Problem details: For this task, output exactly the lines of the material below starting at the line with "Sea buckthorn tea with a sprig on sackcloth Sea" and ending at the line with "An aerial view"; pictures are to be excluded.

Data supplied:
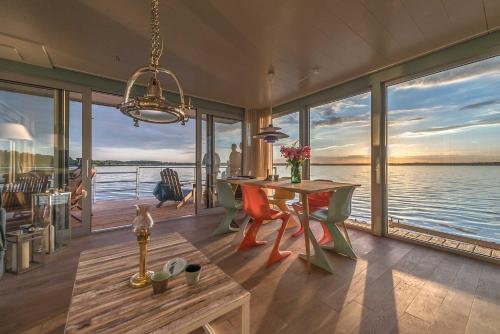 RiethtraumHaff Hausboote La Péniche / Ostsee - außergewöhnliches Design, atemberaubende Sonnenuntergänge und Sauna an Bord的一间配备有桌子的用餐室,享有水景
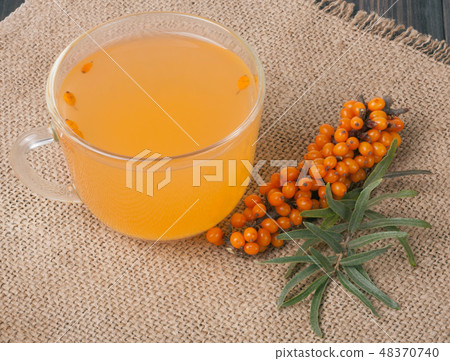 Sea buckthorn tea with a sprig on sackcloth Sea buckthorn tea with a sprig on sackcloth 48370740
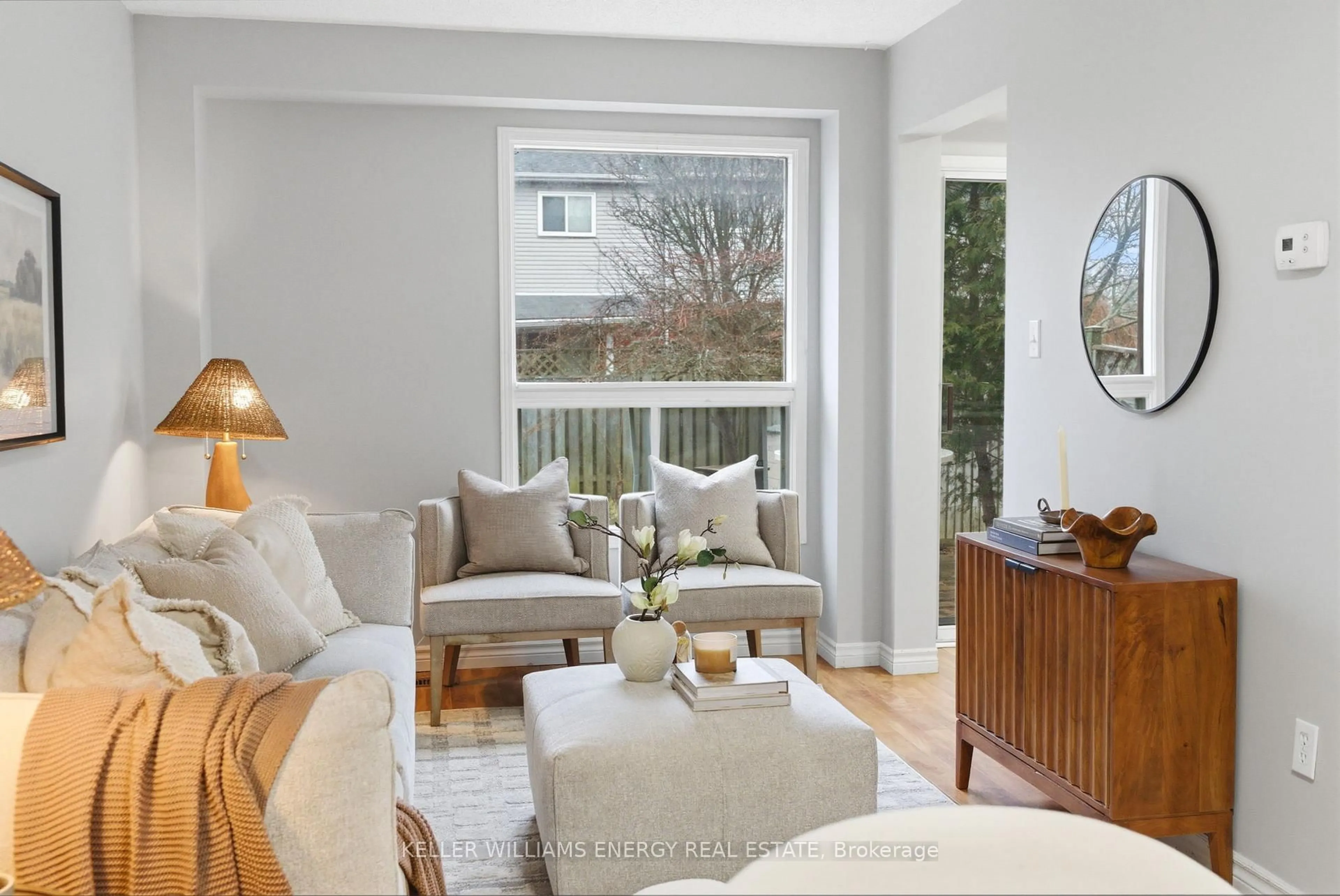 Living room with furniture, wood/laminate floor for 37 Moulton Crt, Clarington Ontario L1E 2W4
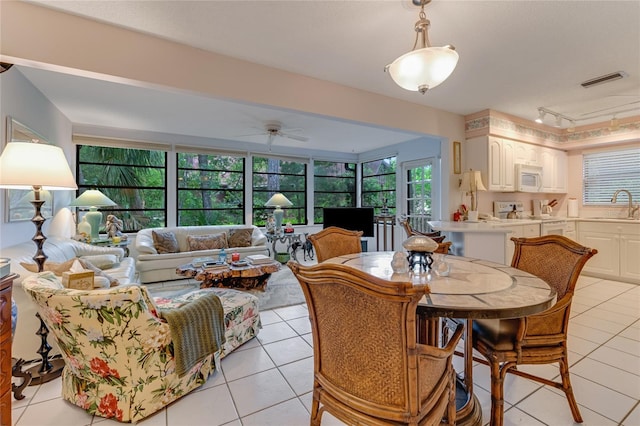15 Morning Dew Trl, Ormond Beach, FL 32174 - dining room featuring track lighting, light tile patterned floors, and ceiling fan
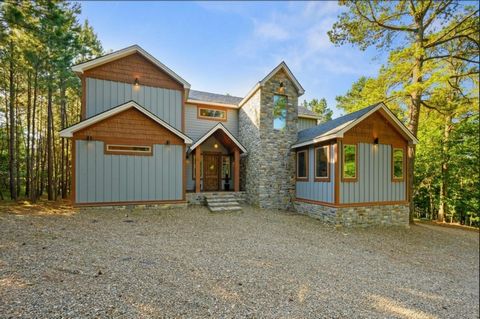 AS SEEN ON HGTV HOUSE HUNTERS! Copper Leaf Lodge is your long-awaited retreat nestled in the heart of Beaver's Bend. Immerse yourself in the charm of a master-planned luxury cabin community. Floor-to-ceiling windows flood the space with natural light...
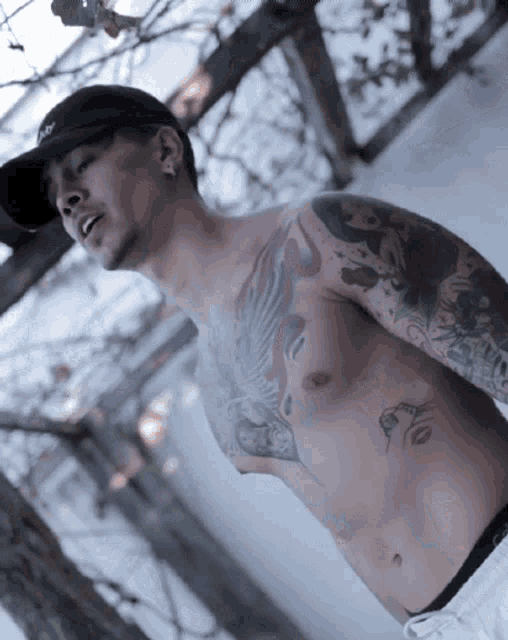 a shirtless man with tattoos on his chest and arms is wearing a black hat with the word abercrombie on it
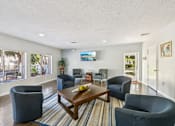 Thumbnail 19 of 35 - A living room with a large couch, a chair, and a coffee table. at Sarasota South Apartments, Florida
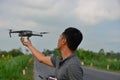 A young man holding the Mavic 2 Pro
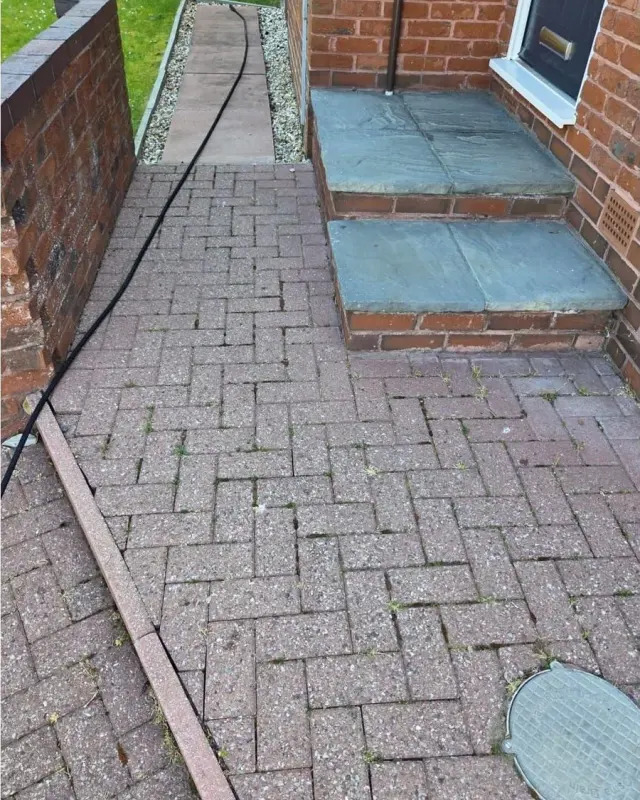Block paving and slate steps dull with dirt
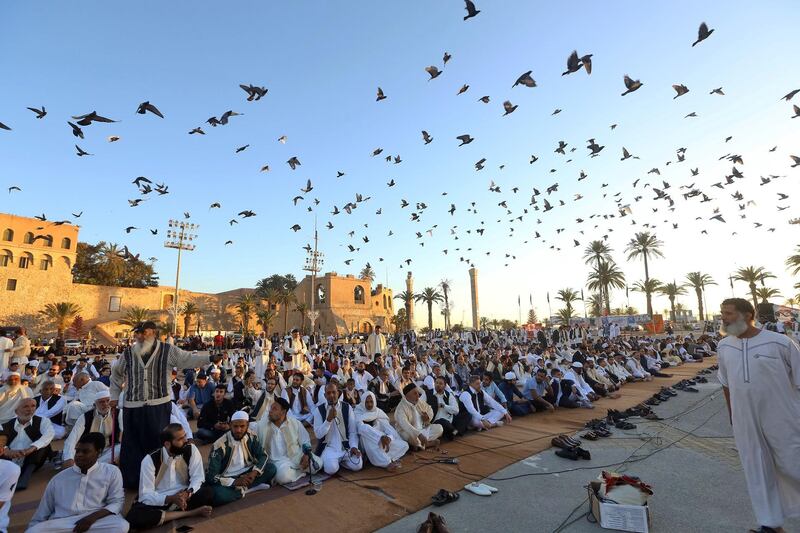 Libyan Muslim worshippers gather to perform Eid Eid Al Fitr prayers at the Martyrs Square of the capital Tripoli. AFP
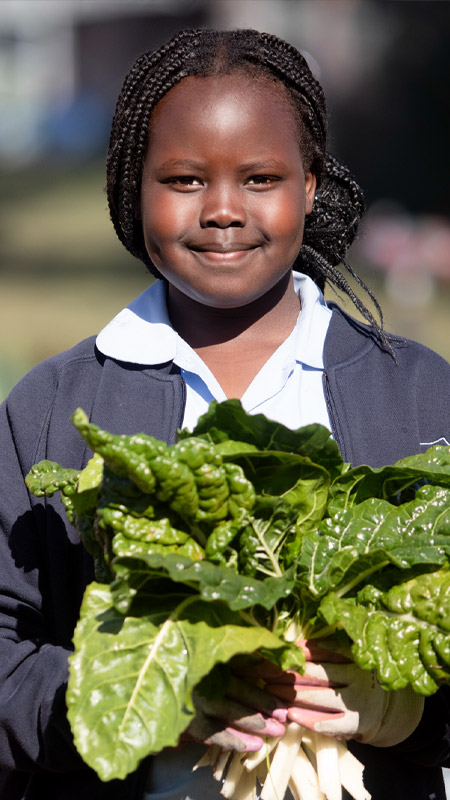 Trinity Catholic Primary Kemps Creek student gardening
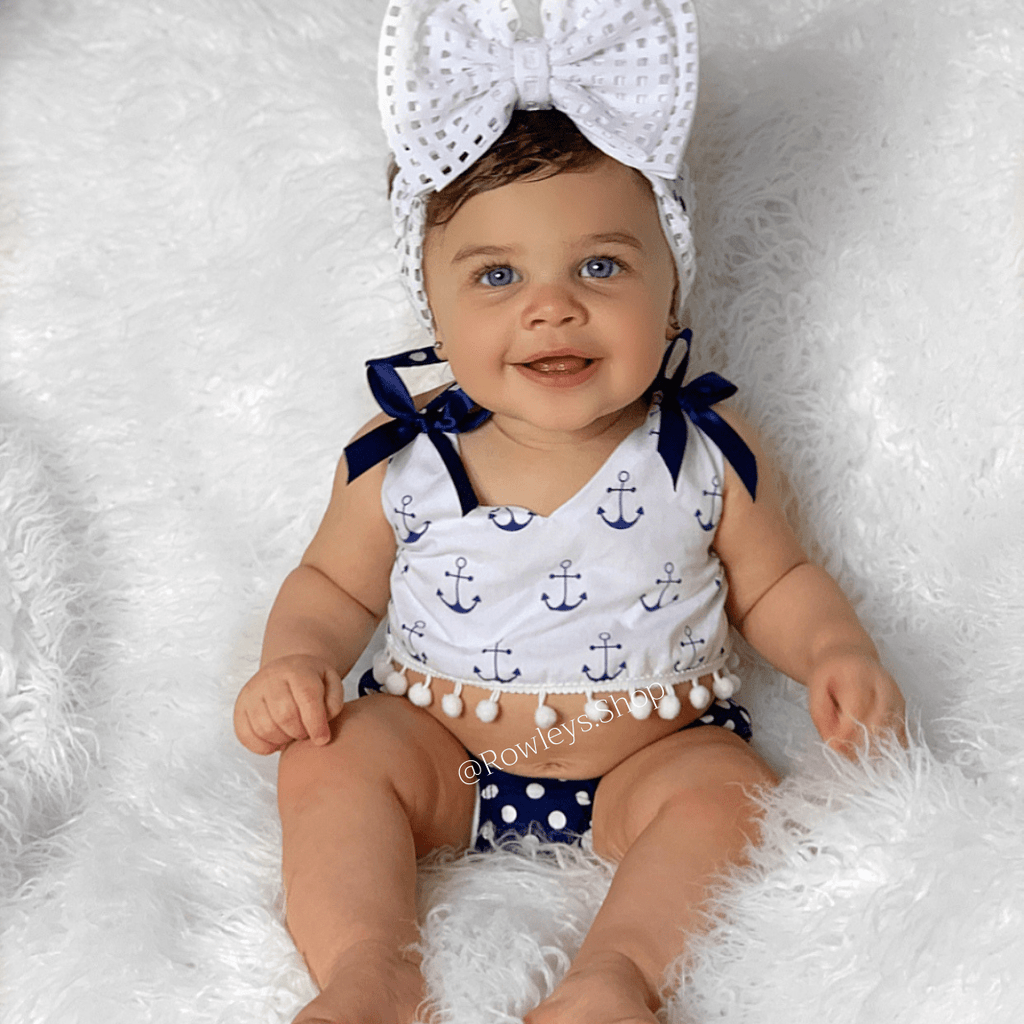 baby in sailor outfit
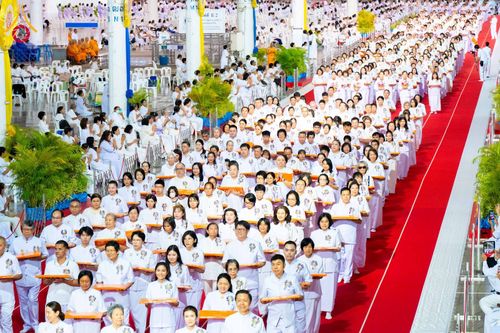 กลุ่มพุทธศาสนิกชนสวมชุดขาวถือพานผ้าป่าเดินแถวภายในอาคารขนาดใหญ่ที่มีพรมแดง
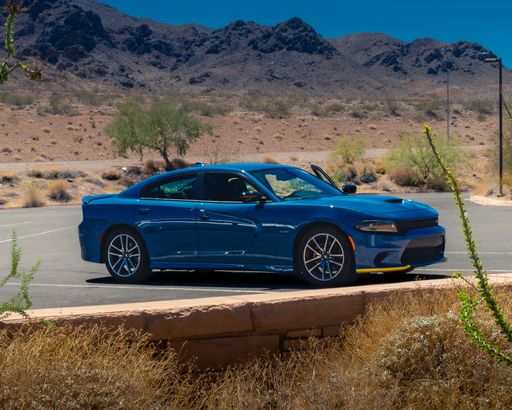 A black 2019 Dodge Charger is parked in front of a majestic mountain landscape, set against a crystal blue sky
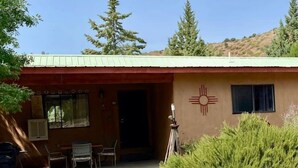 A building with a red roof, a door, and a window. There is a tree and a bush in front of the building. - #1 Casita Wild Mustang at the Catwalk, 2 BdRm Casita (Catron County)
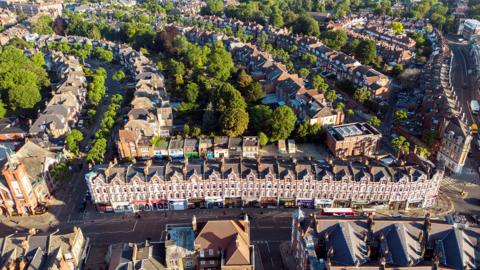 An aerial view of about 100 terraced houses on three different streets with some trees dotted about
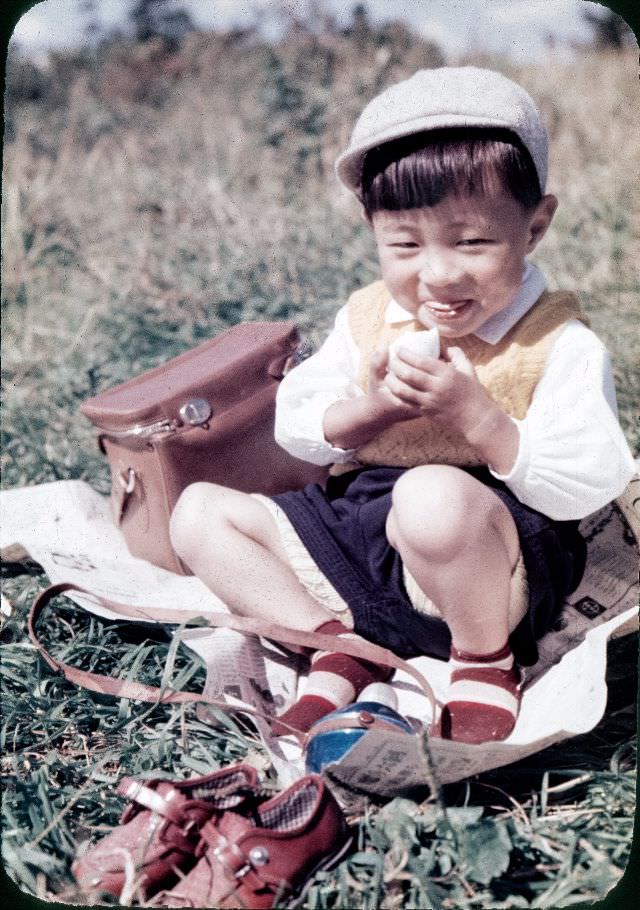 Young boy in a knit vest and a cap eating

Your solution:
 Sea buckthorn tea with a sprig on sackcloth Sea buckthorn tea with a sprig on sackcloth 48370740
 Living room with furniture, wood/laminate floor for 37 Moulton Crt, Clarington Ontario L1E 2W4
15 Morning Dew Trl, Ormond Beach, FL 32174 - dining room featuring track lighting, light tile patterned floors, and ceiling fan
 AS SEEN ON HGTV HOUSE HUNTERS! Copper Leaf Lodge is your long-awaited retreat nestled in the heart of Beaver's Bend. Immerse yourself in the charm of a master-planned luxury cabin community. Floor-to-ceiling windows flood the space with natural light...
 a shirtless man with tattoos on his chest and arms is wearing a black hat with the word abercrombie on it
 Thumbnail 19 of 35 - A living room with a large couch, a chair, and a coffee table. at Sarasota South Apartments, Florida
 A young man holding the Mavic 2 Pro
Block paving and slate steps dull with dirt
 Libyan Muslim worshippers gather to perform Eid Eid Al Fitr prayers at the Martyrs Square of the capital Tripoli. AFP
 Trinity Catholic Primary Kemps Creek student gardening
 baby in sailor outfit
 กลุ่มพุทธศาสนิกชนสวมชุดขาวถือพานผ้าป่าเดินแถวภายในอาคารขนาดใหญ่ที่มีพรมแดง
 A black 2019 Dodge Charger is parked in front of a majestic mountain landscape, set against a crystal blue sky
 A building with a red roof, a door, and a window. There is a tree and a bush in front of the building. - #1 Casita Wild Mustang at the Catwalk, 2 BdRm Casita (Catron County)
 An aerial view of about 100 terraced houses on three different streets with some trees dotted about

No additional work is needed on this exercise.